Oui, I’m saying it is possible to have your croissant and eat it too.

In April I spent 10 days eating and drinking my way through the City of Love, and I finally got to live my long-held dream of devouring a French pastry near the Eiffel Tower (don’t judge, sometimes it’s the small things in life).

I won’t lie, I was incredibly anxious about finding coeliac-safe food in Paris, but after doing lots of social media scrolling (hot tip: TikTok is full of great recommendations) and Googling, before I even stepped on the Eurostar, I had a very long list of French restaurants and cafes serving delicious gluten-free food. And they did not disappoint. So, it feels only right to do the philanthropic thing and share my recommendations.

Here’s my Canberra girl’s gluten-free guide to Paris – and with all but one of these cafes and restaurants dedicated to gluten-free, the risk of cross-contamination is zero and the chance of a good time is high. You’re welcome.

But just a little note…

This is not a complete and comprehensive guide; these are just some places where my personal experience was wonderful. Do your research and pack some Gluten-Guard in case you do eat at a non-dedicated restaurant because cross-contamination is a huge risk in Paris (what do you expect when 90 percent of their diet is bread?).

It’s worth downloading a Gluten Free Card onto your phone (I used this app) for when you need some help communicating your dietary needs and the Find Me Gluten Free app is also a lifesaver if you ever get stuck.

Now, go book that holiday!


A dedicated gluten-free Italian restaurant that’s just steps away from the Eiffel Tower? I was there with bells on.

Cosy, busy, and offering a menu so large it’s almost too much to take in (think pizza, pasta, focaccia, decadent dessert options, and more), everything at Tasca is organic – including the wines – and all the pizza and pasta are homemade, making it truly authentic.

Their truffle gnocchi is supposed to be mind-blowing – thank you TikTok for the recommendation – but I decided to order the vegetarian lasagna, and It. Was. Delicious.

It tasted like actual pasta (I had to re-read the menu to double-check that their offerings are gluten-free), and it was everything you want lasagna to be – hot, cheesy, comforting, and filling.

I also stole a slice of my gluten-eating partner’s Parma pizza, and it was hands down one of the best gluten-free pizzas I’ve had, and he said it was one of the best pizzas he’s had full stop. And that’s pretty high praise.

I ended my meal with a hearty serving of classic tiramisu (there was also a pistachio option) and honestly? I still think about this meal.  I highly recommend it.

thefork.fr/restaurant/tasca | @tasca_bio


So many options…

Dreaming of eating a croissant or pain au chocolate for breakfast before spending a day exploring Paris? NoGlu is a dedicated gluten- free bakery that I visited twice during my trip, and for me, it made this dream a reality.

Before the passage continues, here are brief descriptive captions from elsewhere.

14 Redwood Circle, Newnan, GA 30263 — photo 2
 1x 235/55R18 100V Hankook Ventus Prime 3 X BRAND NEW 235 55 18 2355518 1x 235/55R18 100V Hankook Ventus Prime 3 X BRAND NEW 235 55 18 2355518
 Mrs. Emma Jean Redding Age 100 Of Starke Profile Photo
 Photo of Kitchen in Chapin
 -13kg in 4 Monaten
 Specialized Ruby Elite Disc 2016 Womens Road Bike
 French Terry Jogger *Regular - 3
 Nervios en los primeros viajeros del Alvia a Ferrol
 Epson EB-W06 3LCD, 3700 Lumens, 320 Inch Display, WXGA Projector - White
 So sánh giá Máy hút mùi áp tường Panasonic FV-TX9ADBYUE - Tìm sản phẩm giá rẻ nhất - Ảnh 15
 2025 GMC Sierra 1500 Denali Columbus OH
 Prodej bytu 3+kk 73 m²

Selling a range of baked goods like cinnamon scrolls, tartlets, donuts, eclairs, and cakes, you can also sink your teeth into savoury options like gluten-free baguettes, and a quiche so fluffy you think you’ve died and gone to heaven.

The pastries are small, but it does give you the perfect excuse to have two in one sitting (#noregrets), and with two locations in Paris (one in Saint Germain which is relatively close to the Louvre and Eiffel Tower), you need to make stopping in at this bakery for a coffee and treat a priority. My personal favourite? The pain au chocolate, hands down.

noglu.fr/en | @nogluparis


I still can’t believe this was gluten-free.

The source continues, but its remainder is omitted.